Source material below:

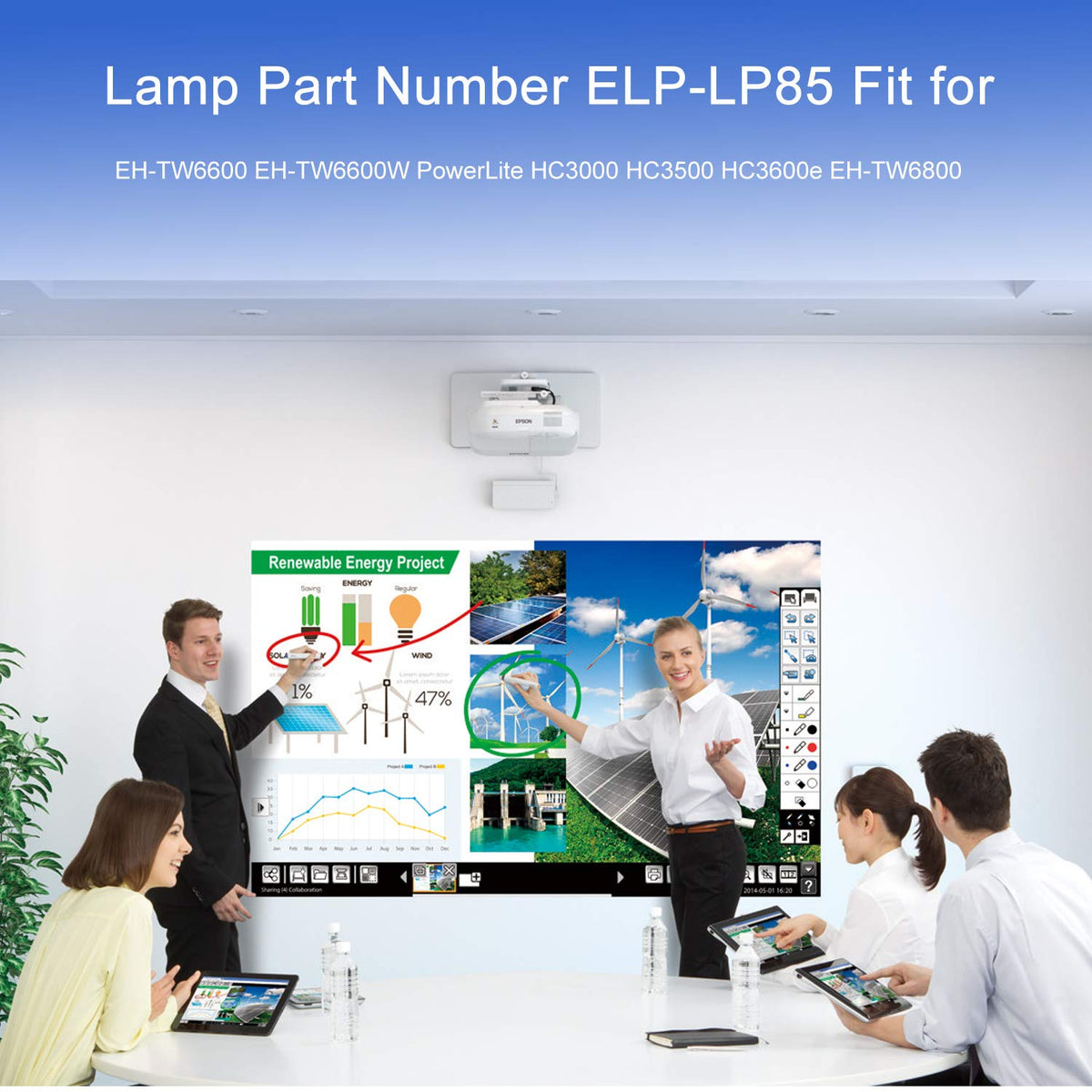 SW-LAMP V13H010L85 Replacement Lamp Bulb with Housing for ELPLP85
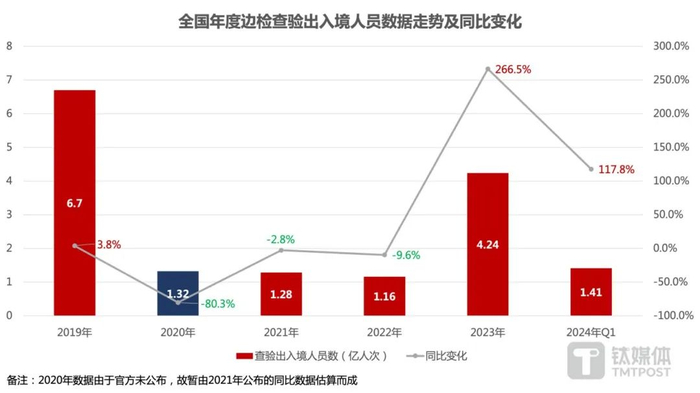 数据来源：国家移民管理局。（图/钛媒体APP制图）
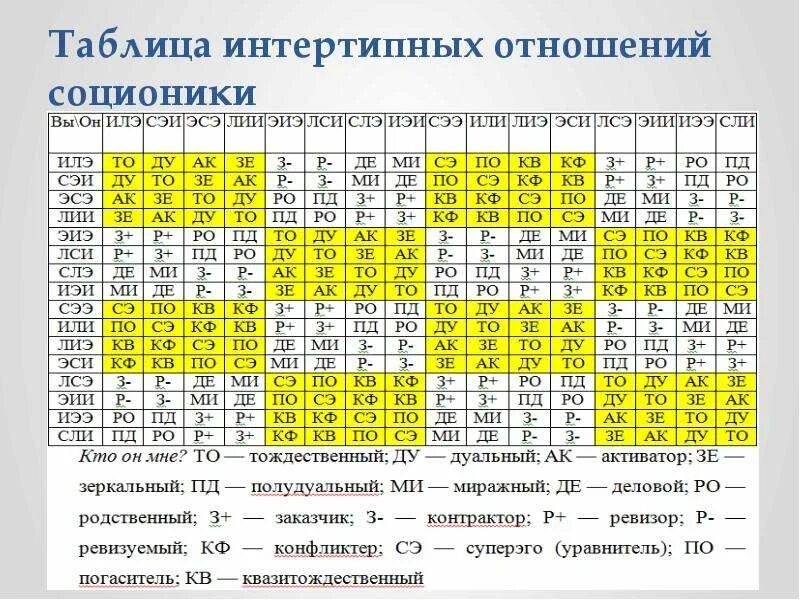 Какая вы придворная карта - Русская Школа Таро Таро, Карта, Дон кихот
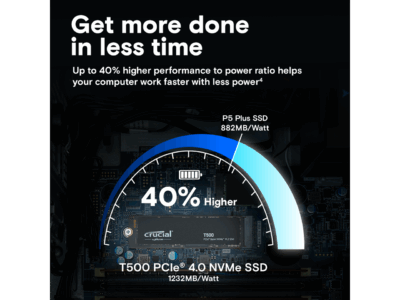 Crucial T500 500GB Gen4 NVMe M.2 Internal Gaming SSD, Up to 7200MB/s, laptop & desktop Compatible + 1mo Adobe CC All Apps - CT500T500SSD8 wholesale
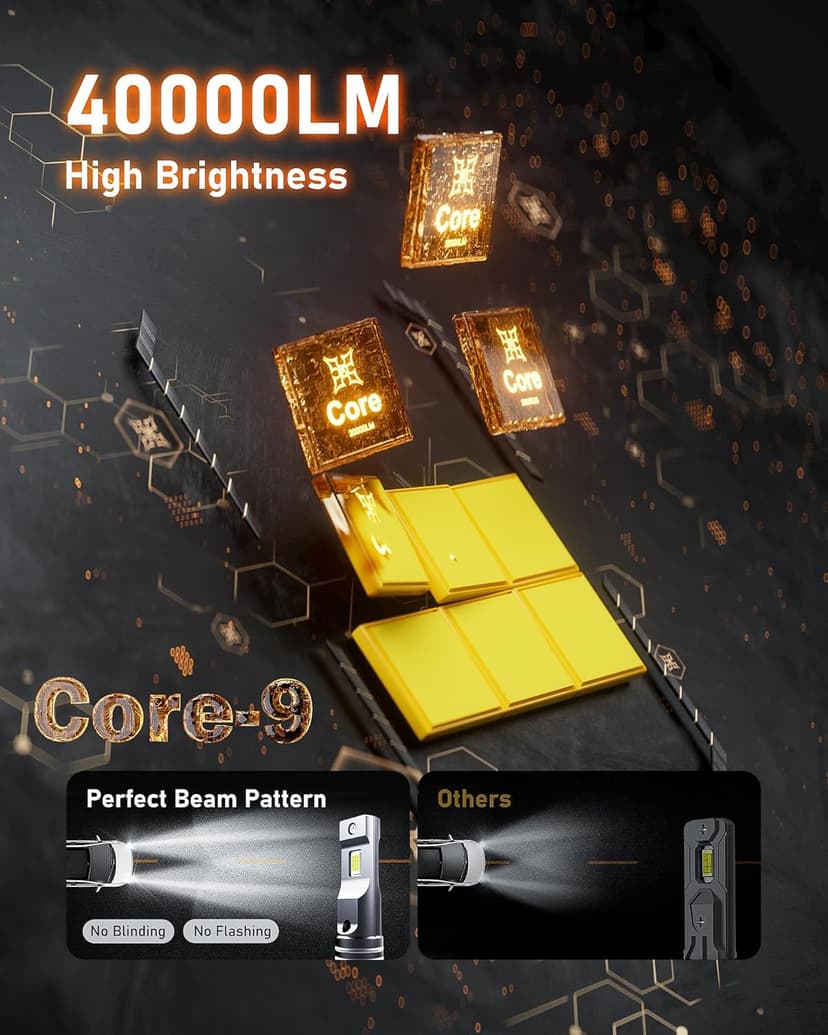 HIKARI WINGS 2026 40000LM H11/H8/H9 LED Bulbs, 45W Upgraded Core Chips, High Lumens Kit, 6000k Cool White, IP68 Waterproof, H16 Foglight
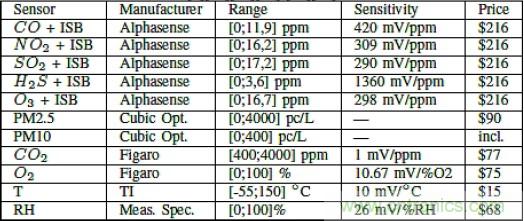 智慧城市急需這種環境傳感器網絡係統設計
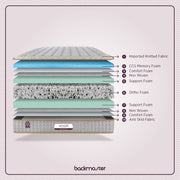 mattress foam material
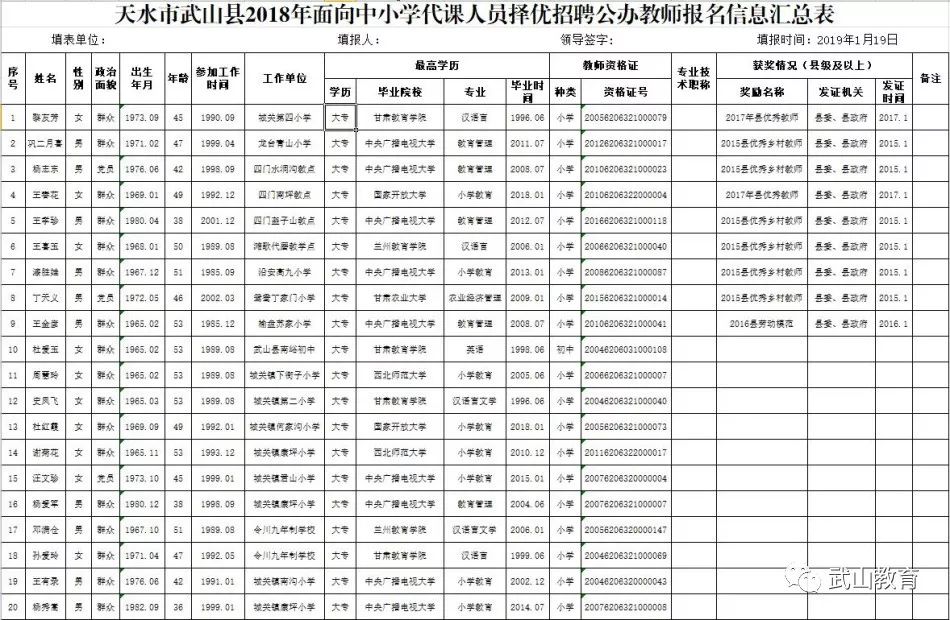 武山县体育局最新招聘启事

End of Source material.

### Problem to solve
Omit the pictures and copy the records above exactly.

### Written answer
 SW-LAMP V13H010L85 Replacement Lamp Bulb with Housing for ELPLP85
 数据来源：国家移民管理局。（图/钛媒体APP制图）
 Какая вы придворная карта - Русская Школа Таро Таро, Карта, Дон кихот
 Crucial T500 500GB Gen4 NVMe M.2 Internal Gaming SSD, Up to 7200MB/s, laptop & desktop Compatible + 1mo Adobe CC All Apps - CT500T500SSD8 wholesale
 HIKARI WINGS 2026 40000LM H11/H8/H9 LED Bulbs, 45W Upgraded Core Chips, High Lumens Kit, 6000k Cool White, IP68 Waterproof, H16 Foglight
 智慧城市急需這種環境傳感器網絡係統設計
 mattress foam material
 武山县体育局最新招聘启事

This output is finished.